Concernant l’augmentation des financements sur appel à projet, même rebaptisés financements compétitifs, nous considérons ce mode de financement toxique pour de multiples raisons : la mise en concurrence de tou-te-s contre tou-te-s, il favorise la compétition plutôt que la collaboration, il génère de la précarité et ne permet pas de se projeter dans le moyen et encore moins le long terme. De plus, lié à l’évaluation, il a tendance à « arroser là où c’est déjà mouillé ». Nous avons insisté sur le fait que ceci ne résoudrait pas les problèmes des laboratoires moins dotés en ANR. Il nous semble essentiel que les crédits récurrents soient suffisants pour permettre à chacun-e de mener à bien ses projets de recherche. La communauté rejette à une immense majorité le financement sur appel à projet. Nous trouvons ce choix paradoxal alors même qu’aucune évaluation de l’impact de l’ANR n’a été réalisée malgré nos demandes. (La ministre nous assure qu’une telle évaluation sera prochainement disponible.)

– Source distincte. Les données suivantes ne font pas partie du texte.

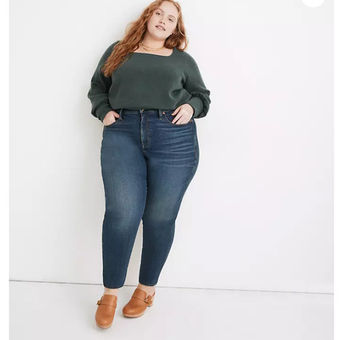 Madewell Plus-Size Tops for Women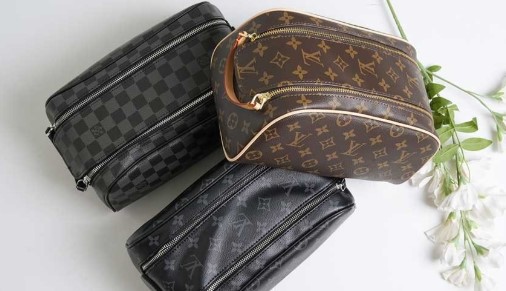 (국내배송) 루이비통 돕 키트 토일렛 파우치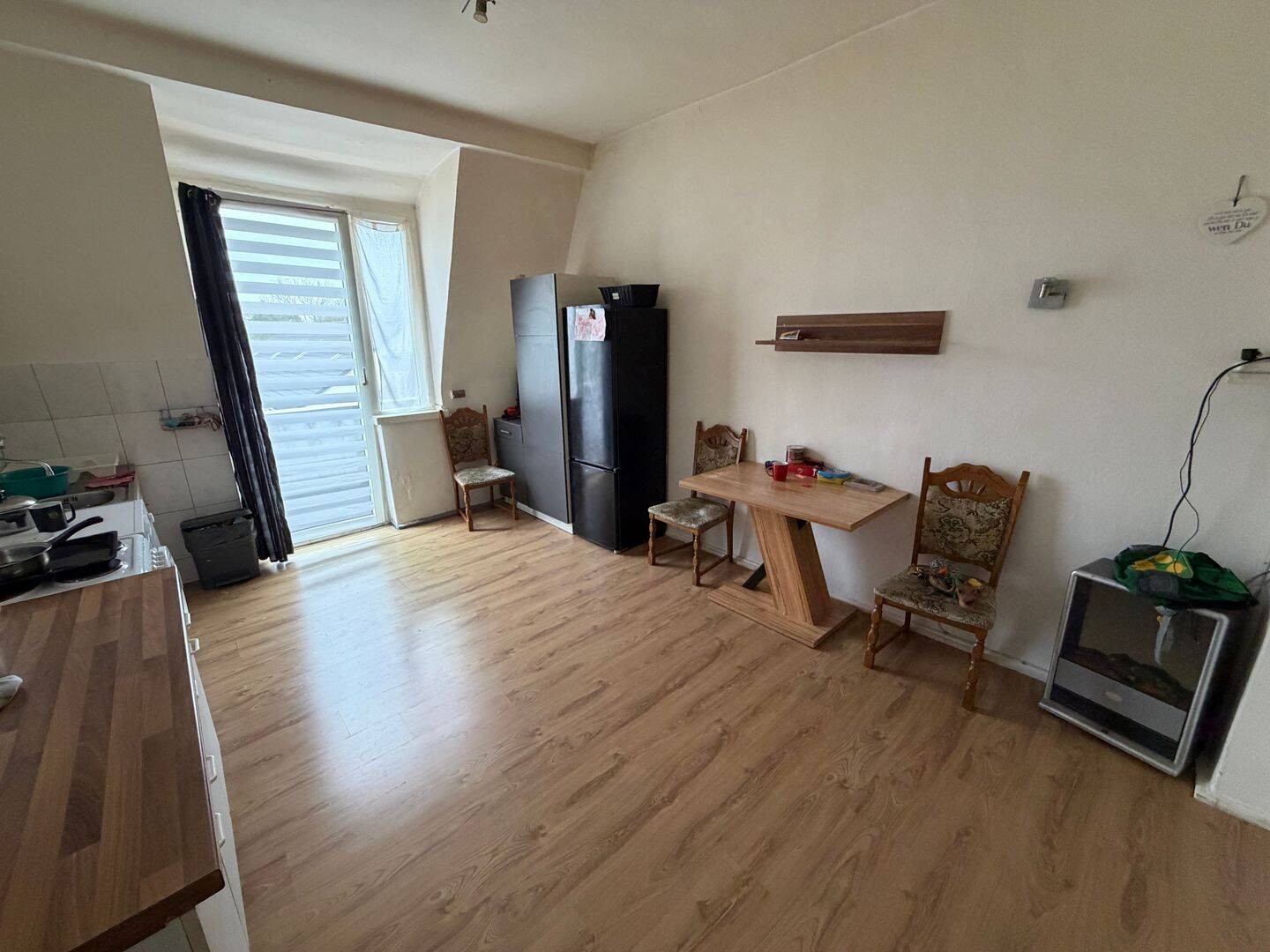 Modernisierungsbedürftiges Mehrfamilienhaus mit acht vermieteten Wohneinheiten in solider Wohnlage! – Duisburg – Vorschaubild 7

Sur le volet RH, difficile d’aborder tous les points de désaccord avec les pistes proposées dans les rapports, en gros : nous ne sommes pas du tout d’accord. Nous avons rappelé notre opposition à tout système de prime a fortiori quand il est injuste, individualisé. Les nouveaux outils RH innovants sont une multitude de dispositifs visant à précariser toujours plus l’ESR. Nous avons insisté sur le recours abusif aux « vacataires » qui n’est jamais abordé dans les rapports et la nécessité d’en faire un bilan complet pour mesurer l’ampleur du problème. Nous avons également parlé des recrutements aberrants pour les BIATSS, notamment les catégories C et B souvent surdiplômé-e-s ou encore de la faiblesse des rémunérations et de l’impact sur nos salaires de 10 années de gel du point d’indice. Nous avons aussi rappelé que nous nous étions opposés au protocole PPCR , notamment parce que les agent-e-s catégories B et surtout C avaient été largement oublié-e-s. Si le ministère n’a pas de marge de manœuvre pour modifier les grilles de ces agent-e-s qui sont communes à l’ensemble de la fonction publique, il est de sa responsabilité d’améliorer les carrières en augmentant les possibilités de promotion. Enfin, nous avons demandé si des ouvertures massives de postes de titulaires étaient prévues. La ministre a insisté sur le fait que la loi permettrait un schéma d’emploi à horizon 7 ou 10 ans, sans répondre clairement à notre question.
Quant à la volonté de simplification, nous avons souligné que les lois successives (avec actuellement les établissements expérimentaux prévus par l’ordonnance de décembre 2018) changent sans cesse le fonctionnement de l’ESR, ce qui ne permet pas de se projeter dans l’avenir. Force est de reconnaître que notre système d’ESR tout comme notre quotidien au travail ont été rendus extrêmement complexes à grands coups de lois dites « de simplification ». Aussi, quand un-e ministre nous parle de simplification nous ne sommes pas vraiment rassuré-e-s.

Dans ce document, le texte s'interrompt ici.